Oysa doğru planlamalarla geçen 3 yılda ihtiyaç olan mevkilere yapılacak nokta transferler ile bu basit grupta şampiyonluğa oynayacakken şuan acaba kümede kalabilir miyiz hesabı yapılmakta ve kümede kalınırsa bu şartlarda başarı sayılacak. Transfer edilen bazı futbolcuların, daha doğru dürüst geldikleri takımlar da bile oynamamış olması sizce de düşündürücü değil midir? Hangi menejerlere paralar kazandırıldı acaba diye düşünmeden geçemiyor insan. Ekonomisi tam oturma mış Erzincan Refahiyespor, asla deneme tahtası değildir. Sezona şampiyonluk parolası ile girip bunları yapamazsınız, Ama ne yazık ki bütün gerçekler ortada.
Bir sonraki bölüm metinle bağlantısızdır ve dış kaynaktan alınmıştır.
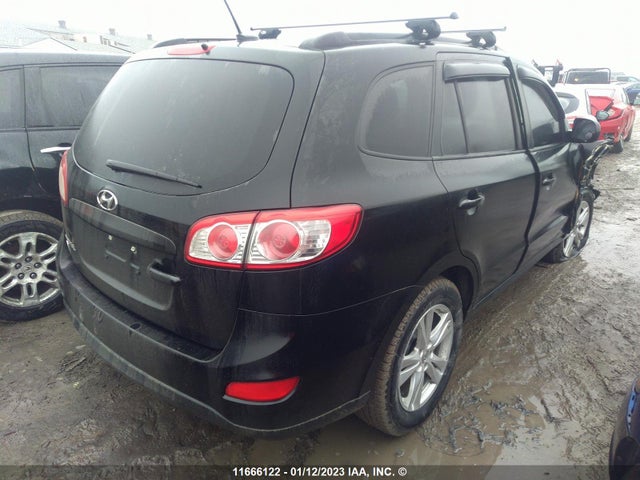 Hyundai Santa Fe 2012 5XYZG3AB0CG152833 Image 5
Evet, bu yazı iyi niyetli bir uyarı yazısıdır. Mesaj çok açıktır: Uçurumun kenarında olan takımımızı yöneten insanlara " Daha çok çaba sarf ediniz." uyarısıdır. Bu takımın yıllar sonra nasıl çıktığını, direkt sorumluluk alarak içerisinde yer alan birisi olarak söylüyorum ki; bu takım düşerse bunun birinci sorumlusu, Başkan ve mevcut diğer yöneticilerdir. Bu kadar imkan sağlayan bir bakana , Valiliğe , Erzincan Belediyesine rağmen istenilen sonuçlar alınamıyorsa, şapkalarını önlerine koyup düşünmelidirler. Hatırla, gönülle şehri ilgilendiren bir mesele, asla vurdumduymaz bir halde kendi kaderine terk edilemez. Yöneticilik, sorumluluk alma ve aksayan yeri bularak tamir edip, gerektiğinde bütün zamanı o işin düzgün hale getirilmesi için harcama sanatıdır.
Lütfen herkes silkelenip kendine gelsin. Sadece kulübe sahip çıkmak ve popularitemiz devam etsin diye kulüpte yer almak veya başkan olmak bu şehre yapılan en büyük haksızlıktır. Eğer yöneticiler Biz çıkardık düşerse de bizimle düşsün zihniyetini taşıyorlarsa bu işe uygun olmadıklarının göstergesidir. Nihayetin de; Yöneticilik yapacak kişilerin, Ufku ve Vizyonu geniş olmalıdır.